More on query patterns: https://lucene.apache.org/core/2_9_4/queryparsersyntax.html

Indexing SFPD Crime Data

Get SFPD crime data from https://data.sfgov.org/Public-Safety/Map-Crime-Incidents-from-1-Jan-2003/gxxq-x39z/data. This file is in csv. You can convert this file using the process mentioned here.

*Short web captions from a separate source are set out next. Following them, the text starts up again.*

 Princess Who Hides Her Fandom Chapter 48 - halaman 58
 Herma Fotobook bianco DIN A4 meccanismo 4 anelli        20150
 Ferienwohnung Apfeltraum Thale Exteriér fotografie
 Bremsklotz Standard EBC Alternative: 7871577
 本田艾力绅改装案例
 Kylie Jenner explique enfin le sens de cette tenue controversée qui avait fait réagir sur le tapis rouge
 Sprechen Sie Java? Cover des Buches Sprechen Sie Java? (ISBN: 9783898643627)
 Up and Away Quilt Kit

Create the skeleton of the instance dir.

$ solrctl instancedir --generate $HOME/solr_configs4

Copy the schema specific for the twitter data

$ cp /usr/share/doc/search*/examples/solr-nrt/collection1/conf/schema.xml $HOME/solr_configs4/conf

Replace the document fields with the following

Copy the following file to local

$ cp /usr/share/doc/search*/examples/solr-nrt/test-morphlines/tutorialReadAvroContainer.conf ~/SfpdMorphLine.conf

Add the following field mapping

extractAvroPaths {

flatten : false

paths : {

IncidntNum: /IncidntNum

Category: /Category

text: /Descript

DayOfWeek: /DayOfWeek

Date: /Date

Time: /Time

PdDistrict: /PdDistrict

Resolution: /Resolution

Address: /Address

X: /X

Y: /Y

Location: /Location

}

Upload the instance dir to Zookeeper

$ solrctl instancedir --create collection4 $HOME/solr_configs4

Create a new collection

$ solrctl collection --create collection4 -s 1

Create an empty output dir

$ hadoop fs -rm -r -skipTrash outdir

$ hadoop fs -mkdir outdir

$ hadoop fs -ls outdir

Delete existing index data, if there is any.

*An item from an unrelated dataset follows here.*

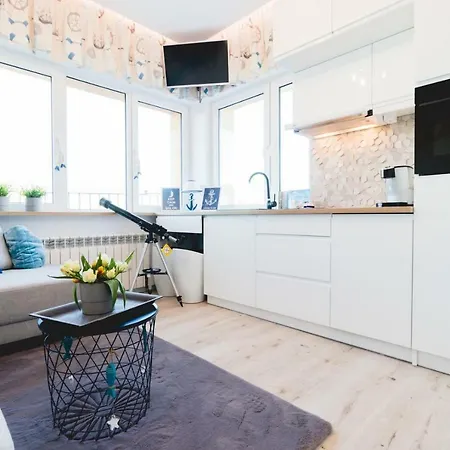 Appartamento Warszawska 15 Apartament Gdynia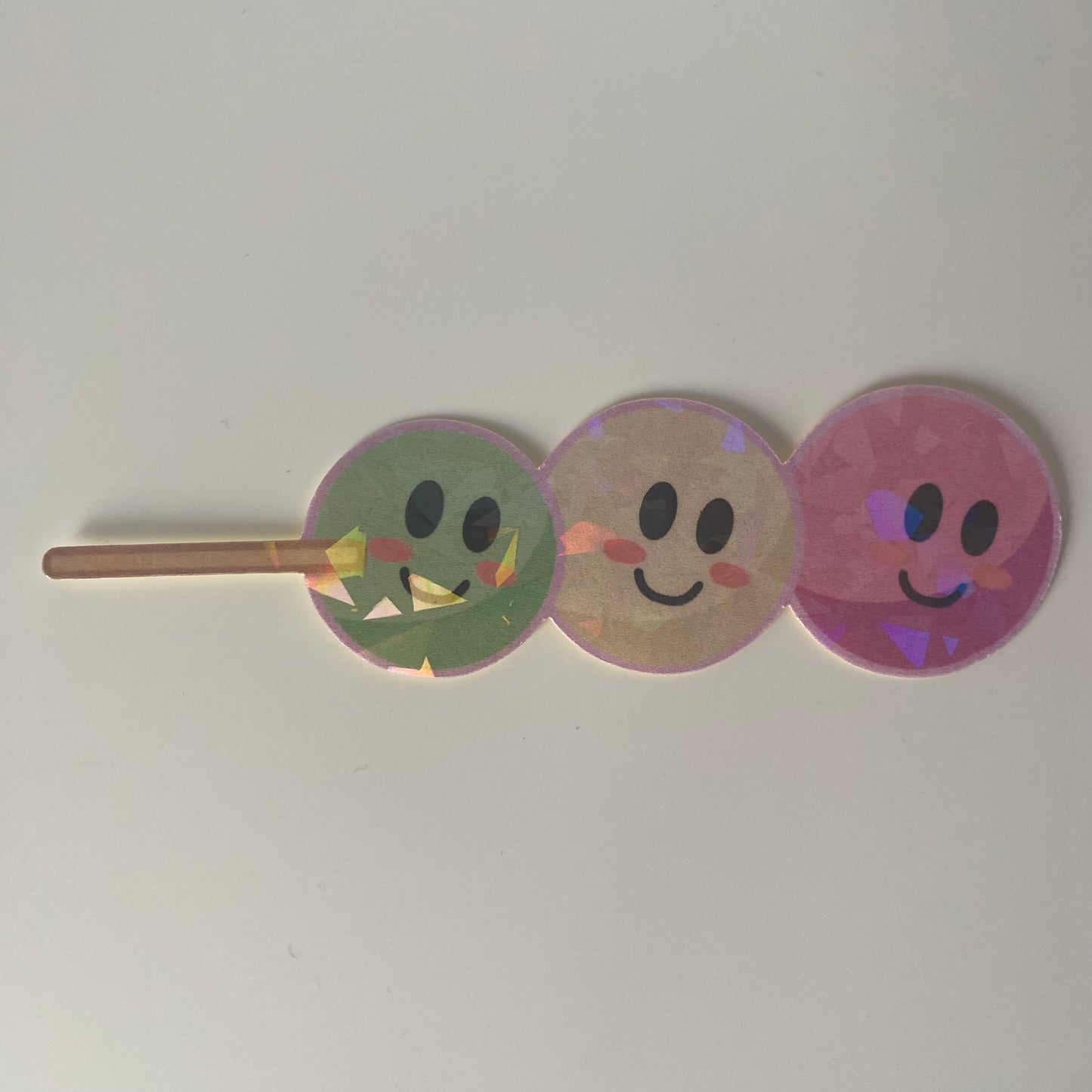 Dango Sticker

$ solrctl collection --deletedocs collection4

Run the indexing job. The indexing job depends on morphline project. Read more about morphline here.

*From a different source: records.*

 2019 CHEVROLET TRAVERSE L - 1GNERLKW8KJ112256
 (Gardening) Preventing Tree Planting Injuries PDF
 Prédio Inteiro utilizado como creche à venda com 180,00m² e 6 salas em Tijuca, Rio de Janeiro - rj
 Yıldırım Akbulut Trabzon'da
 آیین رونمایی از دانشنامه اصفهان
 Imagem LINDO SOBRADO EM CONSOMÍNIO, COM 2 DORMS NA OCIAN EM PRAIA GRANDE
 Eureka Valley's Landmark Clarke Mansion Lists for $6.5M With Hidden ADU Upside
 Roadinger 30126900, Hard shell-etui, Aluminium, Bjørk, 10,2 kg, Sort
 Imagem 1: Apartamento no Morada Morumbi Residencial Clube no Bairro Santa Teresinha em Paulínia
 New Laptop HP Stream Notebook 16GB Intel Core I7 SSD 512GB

$ hadoop jar /usr/lib/solr/contrib/mr/search-mr-*-job.jar org.apache.solr.hadoop.MapReduceIndexerTool -D 'mapred.child.java.opts=-Xmx500m' --log4j /usr/share/doc/search*/examples/solr-nrt/log4j.properties --morphline-file ~/Downloads/SfpdMorphLine.conf --output-dir hdfs://localhost:8020/user/cloudera/outdir --verbose --go-live --zk-host localhost:2181/solr --collection collection4 hdfs://localhost:8020/user/cloudera/sfpd.avro

Now, open solr and run queries.

http://localhost:8983/solr/#/collection3_shard1_replica1/query

If you make any change to the schema, run the following commands for the new config to take effect.

$ hadoop fs -rm -r -skipTrash outdir

$ hadoop fs -mkdir outdir

$ solrctl instancedir --update collection4 $HOME/solr_configs4

$ solrctl collection --reload collection4

$ solrctl collection --deletedocs collection4

Rebuild the index using the above hadoop jar command.